= Exercise =
Copy exactly the lines of the records below, starting at the line that contains "APARTAMENT 3 CAMERE-BRANCOVEANU-CENTRALA-MOBILAT" and continuing through the last line, both included; omit any pictures.

--- Data to examine ---

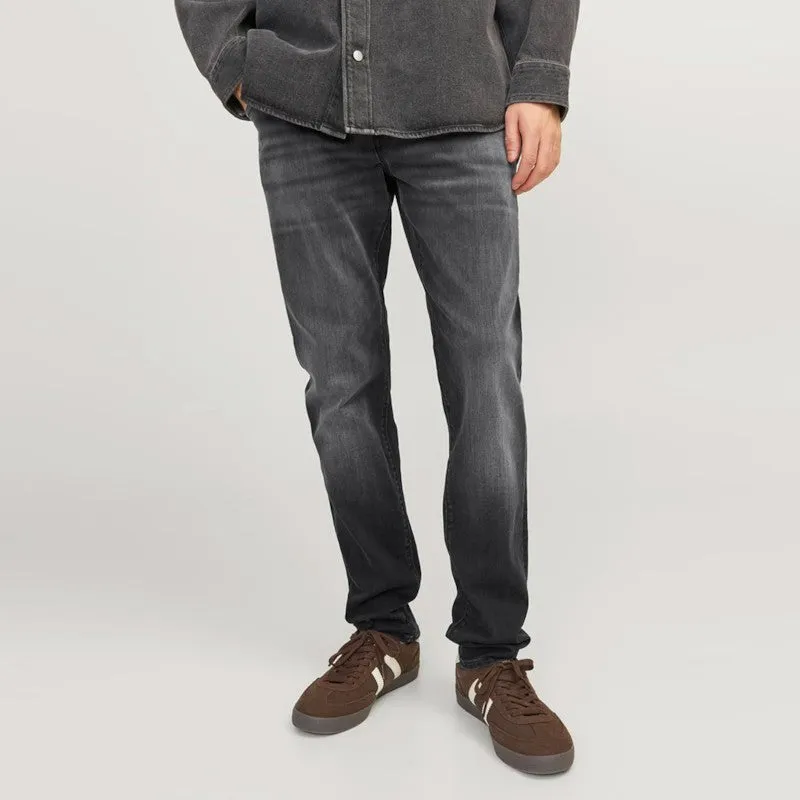 Farmerka Jack & Jones 12249077 Blad - 2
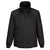 WX2 ECO Stretch Bundjacke - Schwarz (BKR)
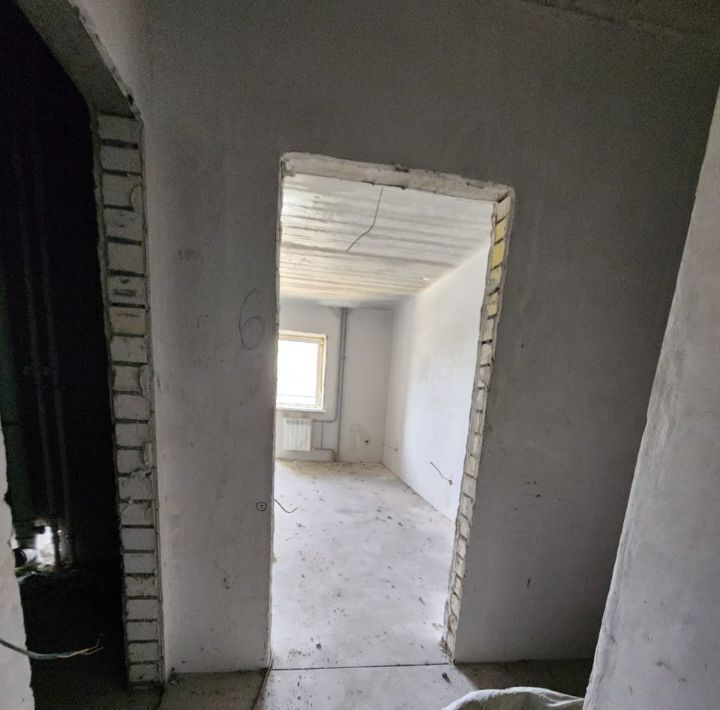 квартира г Благовещенск ул Железнодорожная 4/3 фото 14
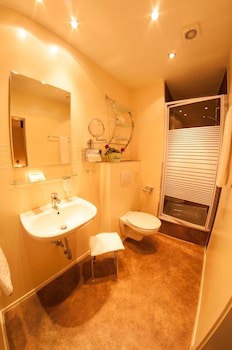 Lutherhotel Eisenacher Hof - Ringhotel galeri fotoğrafı
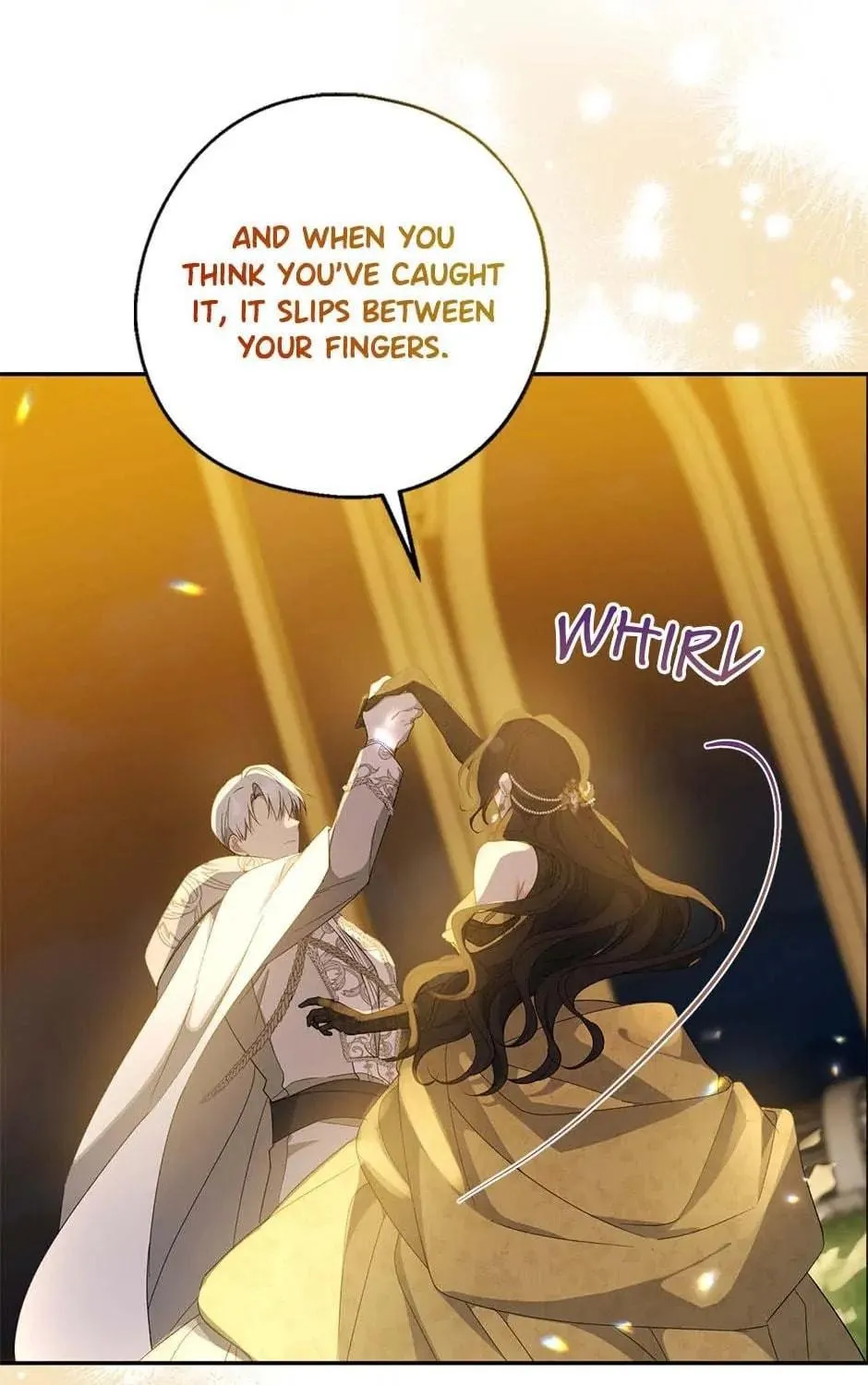Read Here Comes the Silver Spoon! chapter 87 image 138 on Lezhin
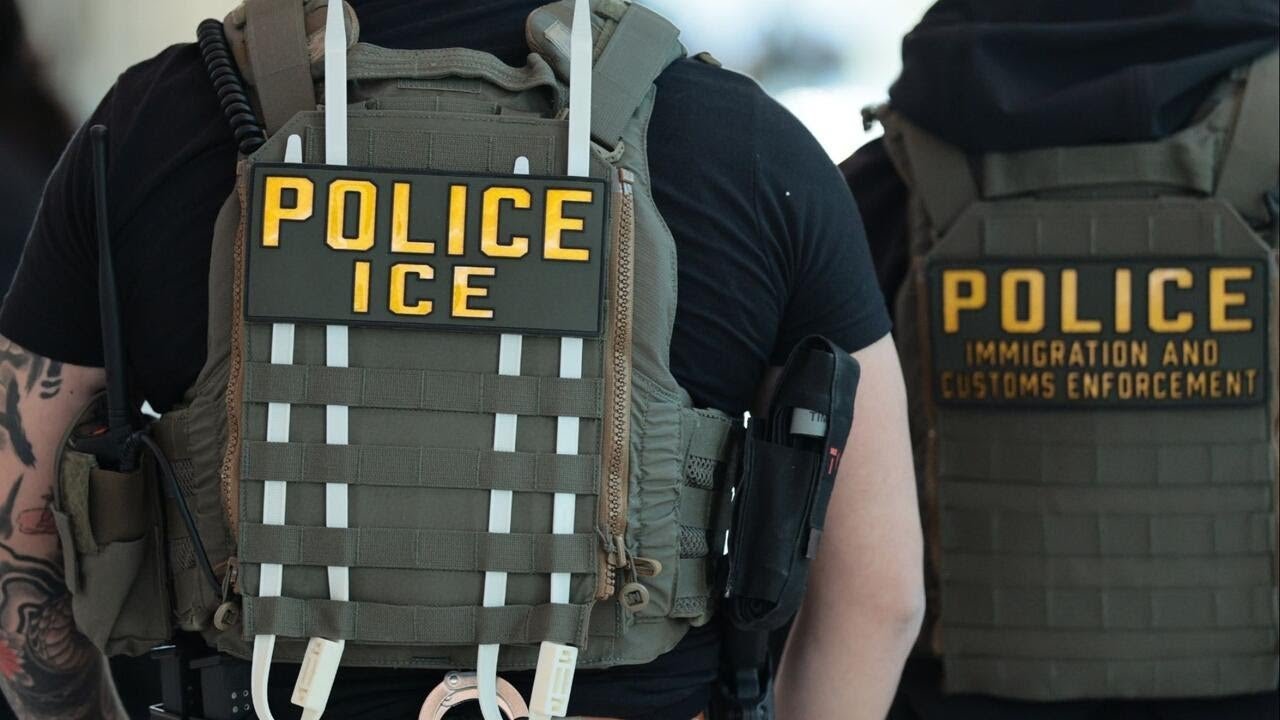 ICE halts most vehicle stops and increases bodycam use after fatal shootings in Texas and Maine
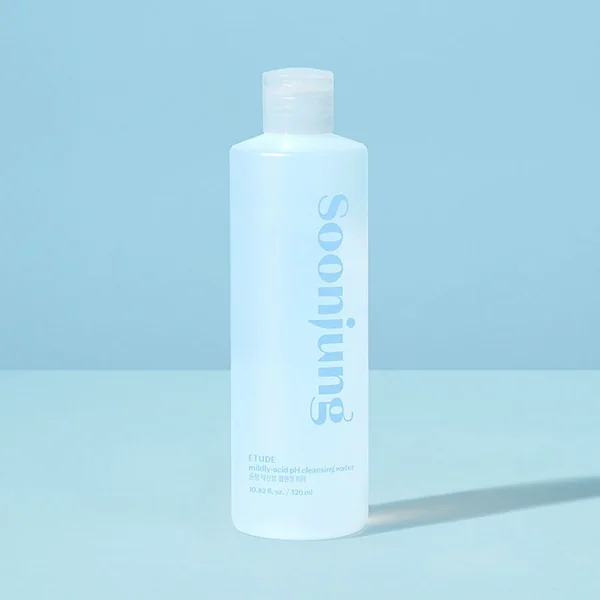 Soon Jung 5.5 Cleansing Water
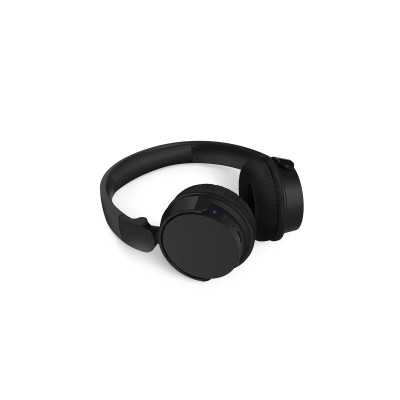 Навушники On-ear Philips TAH4209 BT 5.3, Wireless, Mic, Чорний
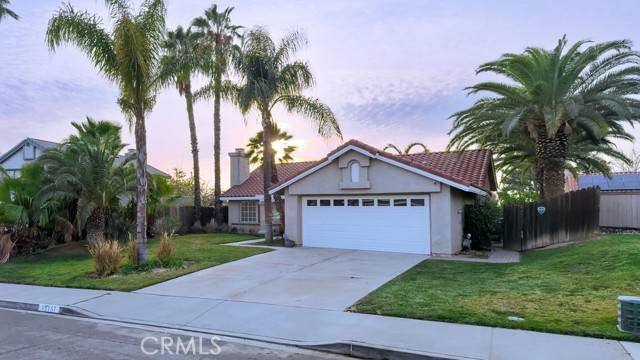 12157 Lasselle Street, Moreno Valley, CA 92557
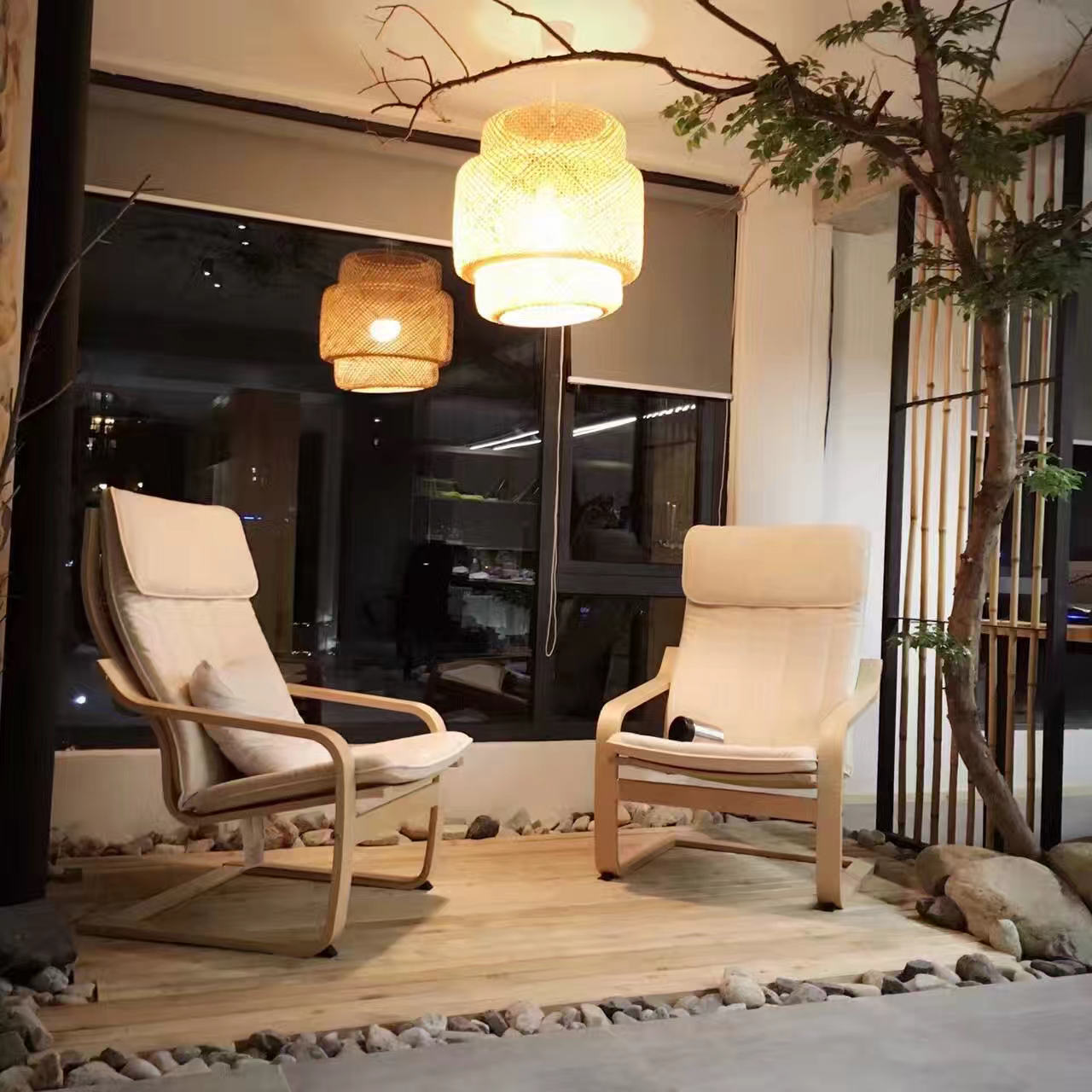 杯壶设计细节展示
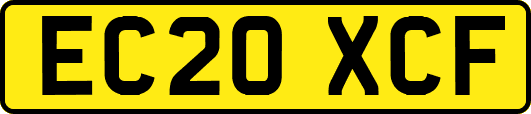 EC20XCF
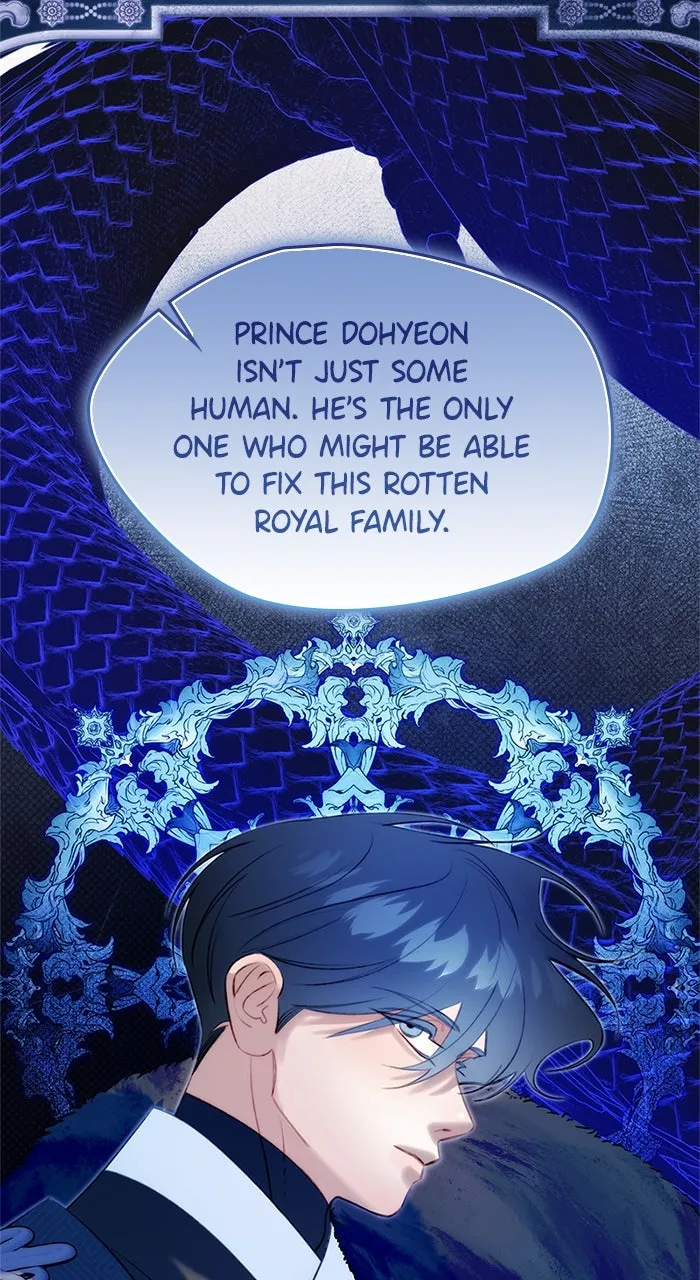 Frozen Hearts Chapter 51 page 14 - 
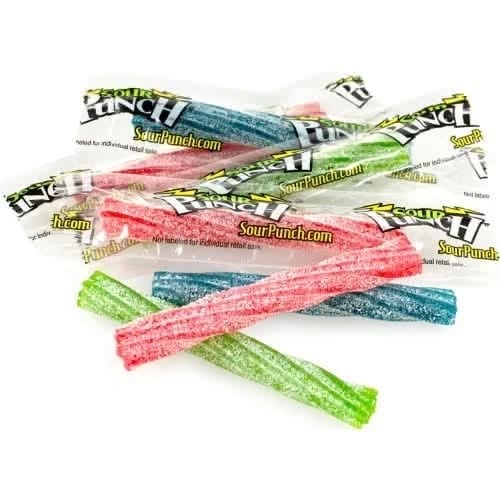 Sour Punch.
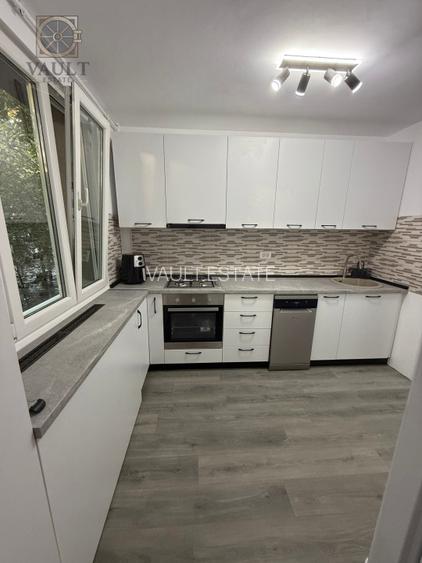 APARTAMENT 3 CAMERE-BRANCOVEANU-CENTRALA-MOBILAT UTILAT - 11
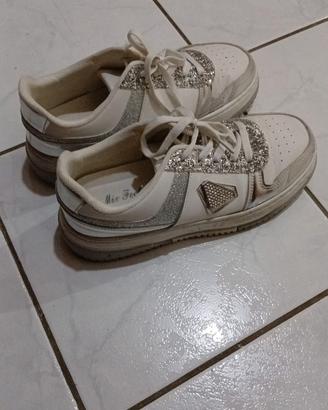 Scarpe da ginnastica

---

= Response =
 APARTAMENT 3 CAMERE-BRANCOVEANU-CENTRALA-MOBILAT UTILAT - 11
 Scarpe da ginnastica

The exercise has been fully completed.